▶ _What is needed_: Give only the number of lines below that contain the word "Satin".

BEGIN Extracted records

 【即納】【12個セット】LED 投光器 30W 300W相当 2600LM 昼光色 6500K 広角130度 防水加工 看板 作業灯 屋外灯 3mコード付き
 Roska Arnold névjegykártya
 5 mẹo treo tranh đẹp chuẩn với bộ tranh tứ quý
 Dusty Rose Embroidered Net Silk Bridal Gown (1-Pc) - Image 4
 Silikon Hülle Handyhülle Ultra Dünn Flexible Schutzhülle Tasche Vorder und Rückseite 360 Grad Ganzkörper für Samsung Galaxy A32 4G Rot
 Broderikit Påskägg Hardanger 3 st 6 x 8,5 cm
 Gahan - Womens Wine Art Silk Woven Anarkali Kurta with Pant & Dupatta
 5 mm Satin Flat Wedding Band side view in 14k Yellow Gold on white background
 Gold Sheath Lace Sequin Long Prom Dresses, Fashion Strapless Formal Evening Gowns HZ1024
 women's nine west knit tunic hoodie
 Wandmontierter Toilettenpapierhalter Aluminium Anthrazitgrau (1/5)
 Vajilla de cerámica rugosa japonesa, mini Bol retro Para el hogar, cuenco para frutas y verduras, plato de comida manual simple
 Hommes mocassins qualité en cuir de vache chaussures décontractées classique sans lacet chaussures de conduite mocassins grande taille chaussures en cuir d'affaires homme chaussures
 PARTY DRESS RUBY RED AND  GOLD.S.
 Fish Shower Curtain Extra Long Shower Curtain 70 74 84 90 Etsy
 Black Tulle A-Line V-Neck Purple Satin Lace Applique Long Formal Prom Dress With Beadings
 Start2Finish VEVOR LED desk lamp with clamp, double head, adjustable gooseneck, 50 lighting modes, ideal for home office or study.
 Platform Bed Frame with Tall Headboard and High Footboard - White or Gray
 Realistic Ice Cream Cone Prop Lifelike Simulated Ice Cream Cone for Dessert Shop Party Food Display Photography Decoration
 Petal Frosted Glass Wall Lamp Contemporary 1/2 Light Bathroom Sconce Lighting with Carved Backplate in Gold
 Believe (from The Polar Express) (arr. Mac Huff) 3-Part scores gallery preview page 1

END Extracted records

▶ _Exercise output_: 2